DER SPIEGEL: Mr. Lovelock, how are Earth’s chances of survival?
Lovelock: Gaia is in double jeopardy. On the one hand, our sun is slowly getting hotter and hotter until it will have burned up all life one day. On the other hand, humans are artificially accelerating this warming by greenhouse gases.
DER SPIEGEL: What should politicians do instead against climate change?
Lovelock: We are zipping around in airplanes too much and airfares are too cheap. Also, if you really want to reduce carbon dioxide emissions, you should go for nuclear power.
DER SPIEGEL: The victims of Chernobyl and Fukushima might see things differently.
Lovelock: The tsunami in Japan in 2011 killed 20,000 people or thereabouts, but there wasn’t anybody much hurt by the Fukushima nuclear power plant itself, that’s the extraordinary thing. We estimate that the increase in mortality from higher electricity prices outnumbers the mortality itself, suggesting the decision to cease nuclear production has contributed to more deaths than the accident itself.
DER SPIEGEL: Did countries like Germany that opted out of atomic energy make a mistake?
Lovelock: Yes, very much so. France does it completely differently. DER SPIEGEL: In your new book, you suggest installing a kind of parasol in space to cool the Earth. Are you serious?
Lovelock: A sunshade a few hundred miles in diameter on a heliocentric orbit between the Earth and the sun could stop global warming completely.
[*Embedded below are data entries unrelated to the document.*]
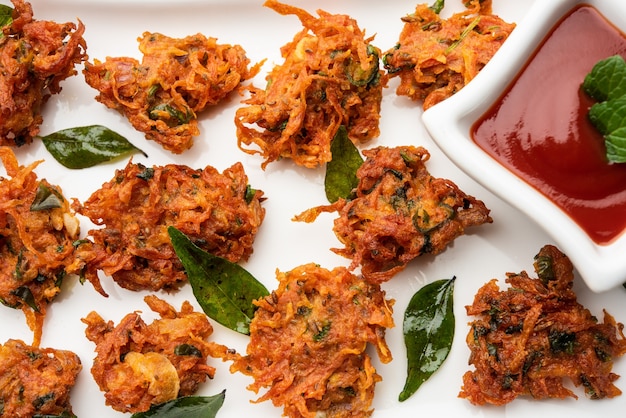 Wortelbeignets of Gajar ke pakore of pakode of bajji of bhaji, Indiase snack geserveerd in een bord met tomatenketchup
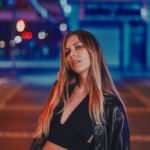 `Emily Brooks poses on a nighttime LA street in a black leather jacket, in a press photo for her new single 'Black Cat.'`
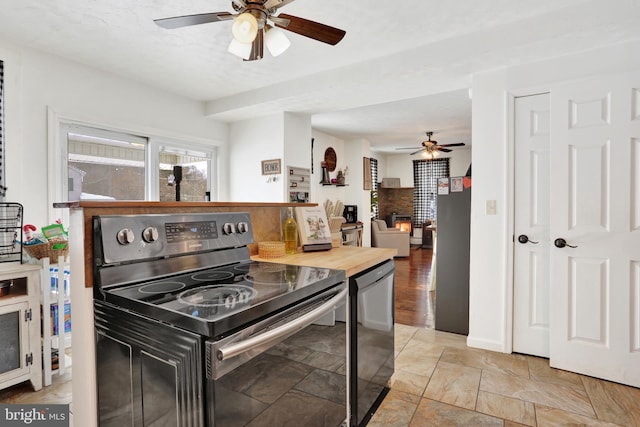 kitchen featuring ceiling fan and stainless steel appliances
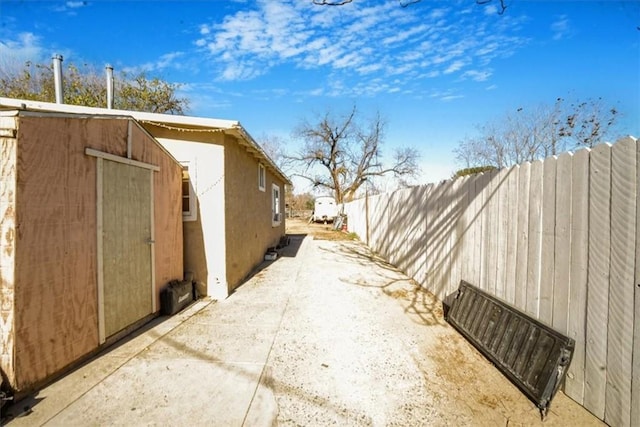 view of home's exterior with a storage shed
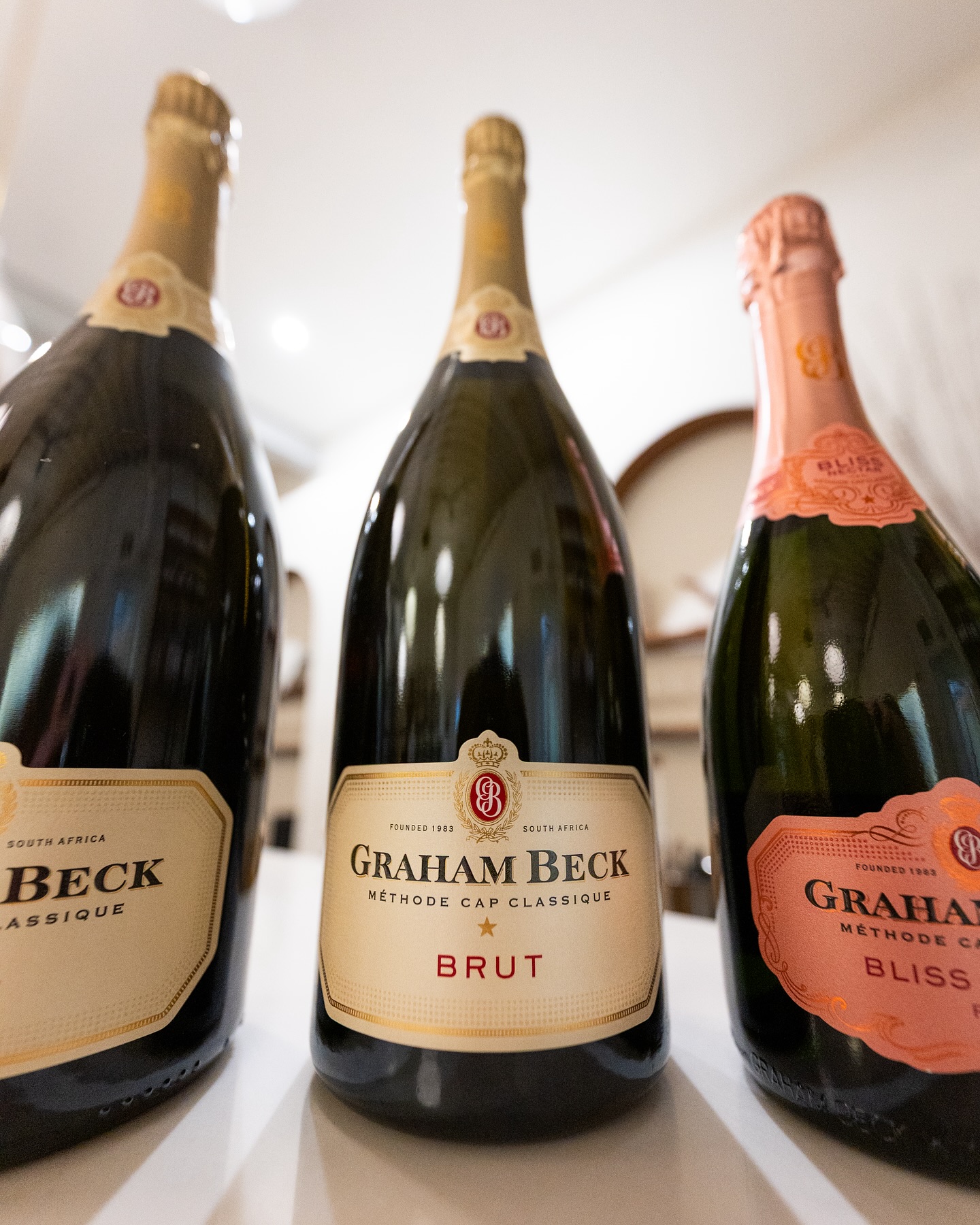 Three Graham Beck sparkling wine bottles: Brut, Classique, Bliss Nectar.
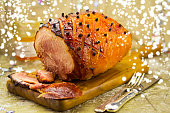 Roasted ham with apricot glaze and cloves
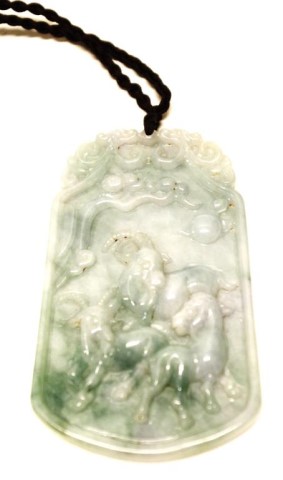 Chinese carved jade tablet decorated with goats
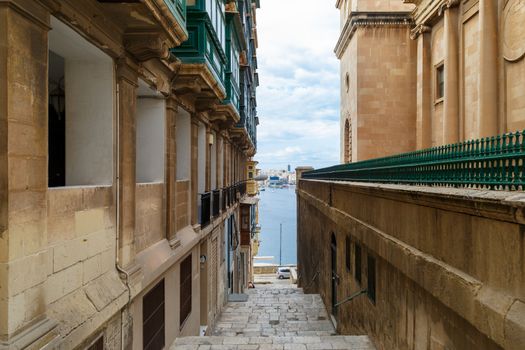 Detailed view of Valletta city in Malta island with limestone buildings from medieval times, on cloudy sky background.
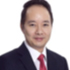 Man in suit and red tie, professional headshot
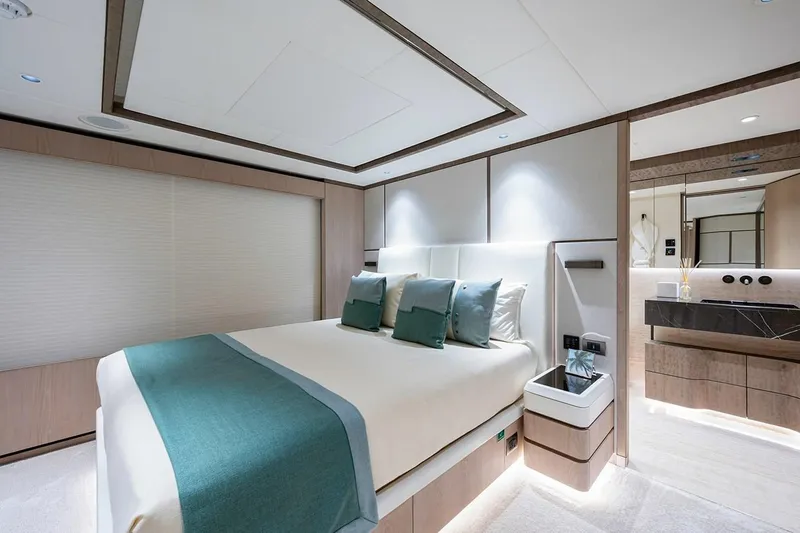 Checked Out Yacht Photos Pics Luxurious bedroom interior of 2020 Majesty 140 yacht with modern design and elegant decor.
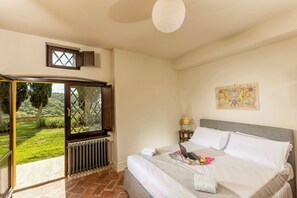 A bedroom with a bed, a laptop, a lamp, a window, and a radiator.
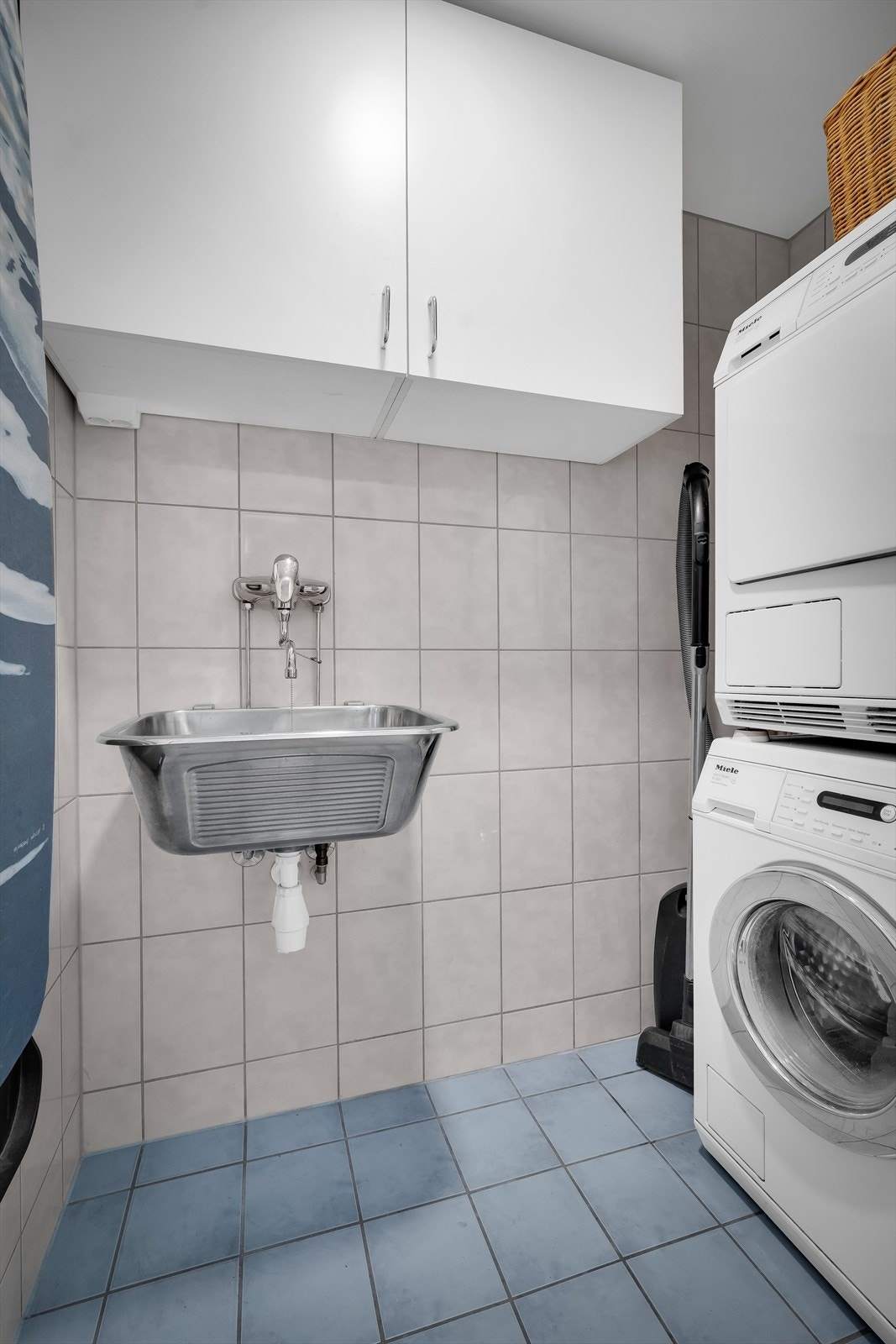 Praktisk, flislagt vaskerom med opplegg for vaskemaskin og tørketrommel. Rommet er også innredet med vask og et hyllesystem. Galleribilde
DER SPIEGEL: Would it make sense to colonize Mars as a Plan B, as planned by Tesla entrepreneur Elon Musk?
Lovelock: It’s crazy, completely crazy. Elon Musk has read too much science fiction. We’d be better off investing that money to save the Earth.
DER SPIEGEL: Aren’t there any other geoengineering ideas for cooling our planet?
Lovelock: Well, lots of people have suggested putting sulfur compounds in the stratosphere, which would create haze and cooling clouds similar to those created by volcanic eruptions.
DER SPIEGEL: Do we understand the planet well enough make such interventions?
Lovelock: The universities claim to teach the sciences to students. They don’t. All they teach them is how to pass an exam. The universities should be reformed. The very idea of teaching separate subjects in separate buildings, isn’t that madness?
DER SPIEGEL: How do we know that such a planetary AI wouldn’t turn against us humans?
Lovelock: Well, the important thing to remember is that such an AI could think maybe 10,000 times faster than humans. That’s about the speed advantage humans have over plants.
DER SPIEGEL: This hope for a solution brought about by a benign technological singularity sounds utopian, maybe even religious.
Lovelock: It wouldn’t be the first leap in evolution that is utterly remarkable. If you think that it all started from a mess of organic chemicals left over from the debris of supernova explosions. The emergence of intelligent cyborgs is, in this sense, just another small step.